Dijkstra's Algorithm With Back Tracking?
Solution 1:
Dijkstra algorithm always finds the shortest path (in graphs without negative edges) and never backtracks. It is easy to reason about it.
Always choosing the minimum
Think about a node and its edges (it's just part of a larger graph):
6 _ 3
| /
14| /9
|/
1-------2
7
Dijkstra's algorithm will begin choosing the edge 1-2 (7). I does so because it is the minimum it has seen so far. It then sets the value of the shortest path to 2 as 7. It will never change this value again, because any other path from 1 to 2 must be larger (as it must start with one of the edges 1-3 (9) or 1-6 (14)).

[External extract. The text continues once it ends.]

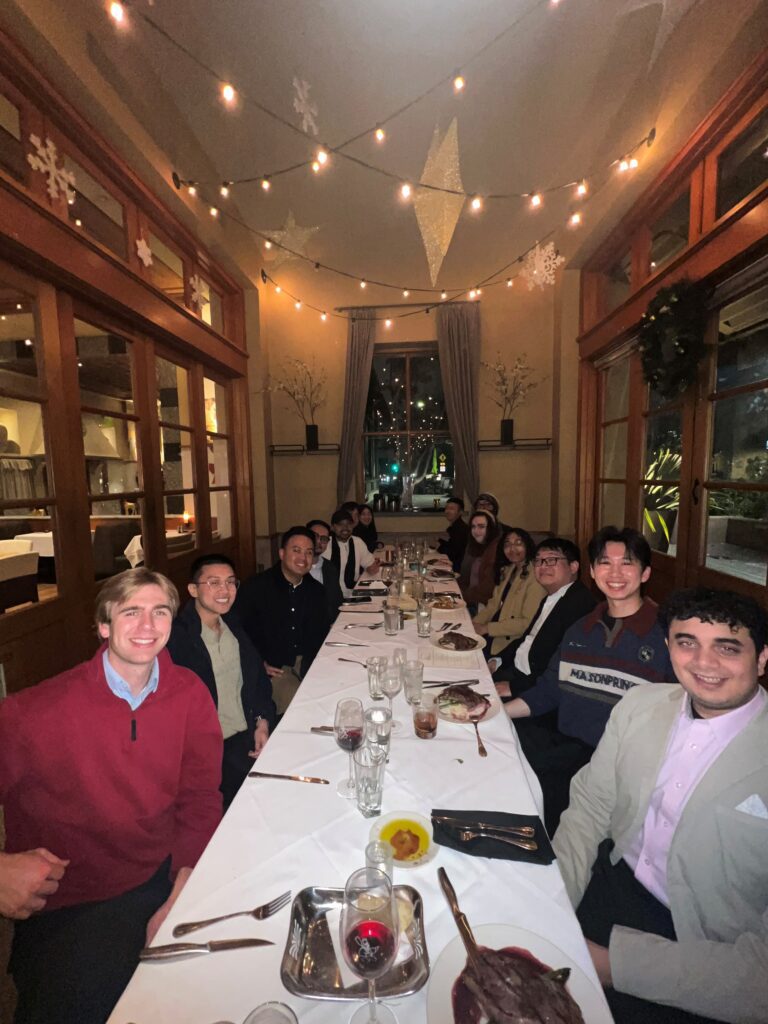 A majority of the PC Professional engineers sitting at a long dinner table.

Consider the known nodes as a single node
One way to reason about what comes next is to pretend the algorithm merges "known" nodes into a single one. In the example, as soon as the shortest path to 2 is chosen, it merges 1 and 2 as a single logical node. All edges going out of 2 are increased by 7 (the shortest path to 2). The next step is to choose the smallest edge outgoing from the "supernode". The reasoning then is the same as the first step:
6 _ 3
| /
14| /9
|/
1,2-------4
22
In this state, the next chosen edge is 1,2-3 (9). The shortest path to 3 is set as 9 and all of its edges are now considered to choose the next minimum (please note how the edges to 6 and 4 have been updated):
6
|
11|
|
1,2,3----4
20
Solution 2:
It would not skip node 3. It would do this:
Start from node 1, update distances to neighbours:
d[2] = 7
d[3] = 9
d[6] = 14
Pick the next unvisited node with distance from source minimum, in this case node 2 and update the distances to its neighbors:
d[3] = min(d[3], d[2] + c(2, 3))
= min(9, 7 + 10)
= 9
d[4] = min(d[4], d[2] + c(2,4))
= min(inf, 7 + 15)
= 22
Then it will pick 3: update the distances to its neighbours:
d[6] = min(d[6], d[3] + c(3, 6))
= min(14, 9 + 1)
= 10
Then pick the next unvisited node with distance d minimum and do the same. Stop when you pick your destination node.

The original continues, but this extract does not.